The Tuesday Thread: Should you read the book?

The Tuesday Thread:  Should you read the book?

I’ll be writing something about Jane Campion’s excellent new film, “The Power of the Dog,” when it debuts on Netflix on Wednesday, but for the moment I want to pose a question: What does a movie owe to the book on which it was based? I ask because Netflix sent critics a copy of the 1967 source novel by the late Thomas Savage, and I could have read it before setting out to write about the film but chose not to. I did flip the book open to the first page and read the opening paragraph, and that was all I needed to know that A) the novel is written in a very distinctive voice and B) it’s not the same voice as the movie. And the movie is what a movie critic should be attending to. I want to watch Campion’s “The Power of the Dog” without hearing the ghost of Savage’s, so why is Netflix even sending me the book?
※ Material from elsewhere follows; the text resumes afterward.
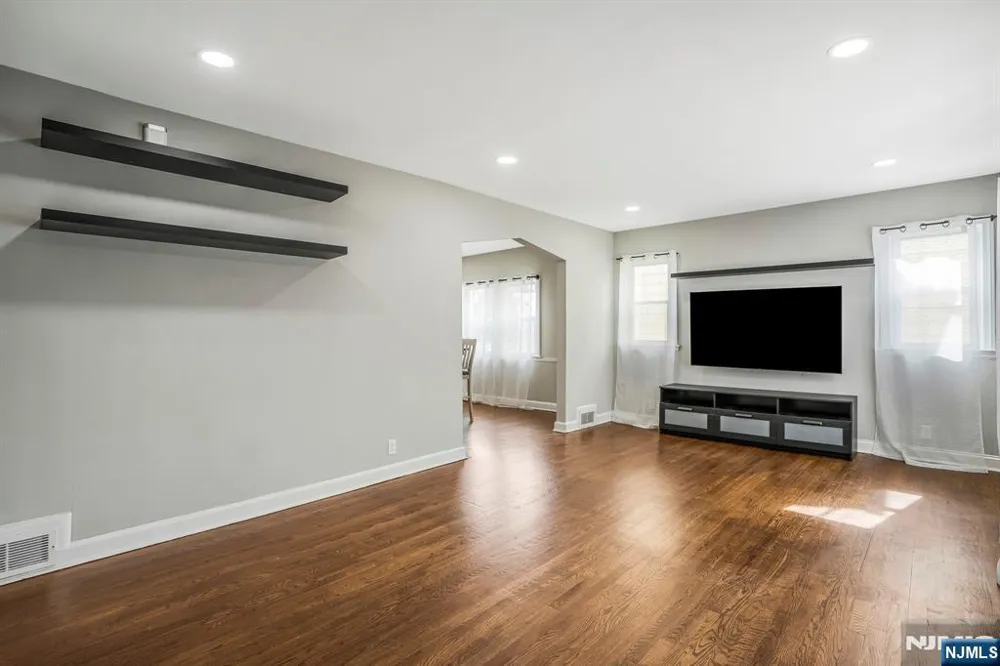 16 Pleasant Belleville, NJ 07109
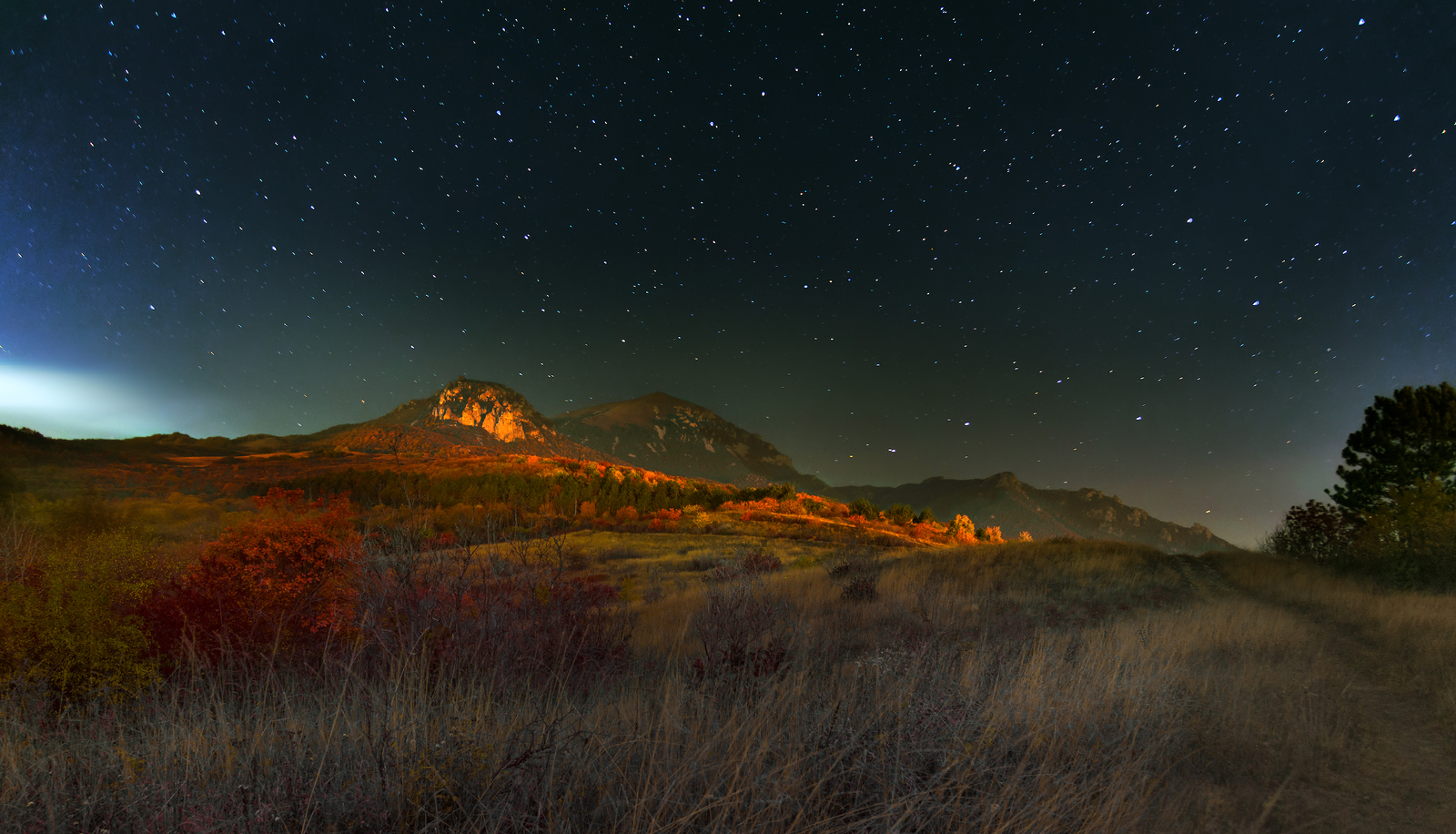 Stars over Beshtau - My, Night, Autumn, , Starry sky, The photo, Beshtau, Stavropol region, Caucasian Mineral Waters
Still, I go back and forth about this. Reading the book ahead of time automatically means I’ll compare it to the movie, since I can’t unread it and it will always be lurking in my head. Is that fair to readers who haven’t read the book, as is most likely the case? The answer is it depends. I stopped reading the “Harry Potter” novels after the first one (my kids kept plowing on) because everyone was flipping out over which house-elf or random Muggle got left out of the film adaptations, and my job was to weigh the movies as movies. On the other hand, if I hadn’t read Alice Sebold’s “The Lovely Bones” ahead of time, I wouldn’t have been able to specify the ways in which the 2009 Peter Jackson film version goes mind-bendingly wrong. (It’s not easy to get a terrible performance out of Stanley Tucci.) If I hadn’t read Jonathan Safran Foer’s “Everything Is Illuminated,” I’d never have known that Liev Schreiber’s 2005 movie changes the ethnicity of one key character and thereby alters the story’s entire meaning (all of us are complicit) to something quite a bit safer (all of us are victims).

Moviegoers have it easier. You’ve either read the book or you haven’t, and you aren’t bothered by notions of duty. (Presumably.) And of course it varies according to the situation. A blockbuster like “Dune” is pre-sold on the original novel’s pop culture status, and the assumption going in is that audiences will want to see Arrakis brought faithfully to the screen, sandworms and all. Filmmakers who fiddle with that do so at their peril: Ladies and gentlemen, I give you Brian De Palma’s “The Bonfire of the Vanities.” On the other hand, adaptations of a classic like “Little Women” can be bent to the tenor of their times, as all four film versions have been (not just Greta Gerwig’s). Movies that deliver the exact same emotional experience as the book are rare — “To Kill a Mockingbird” is probably the gold standard in that regard — and maybe they should be. In the end, the key variable may be the filmmaker. Jane Campion is a director who likes to take risks, and it’s her vision I’m interested in seeing. I can always read the original later, and I probably will.

How about you: What books do you think have been especially well-adapted or maladapted to the screen? Are there movies that are better than the book? Is the experience of an adaptation enriched if you have the original in mind? To restate the question at the top: What, if anything, does a movie owe to its literary source?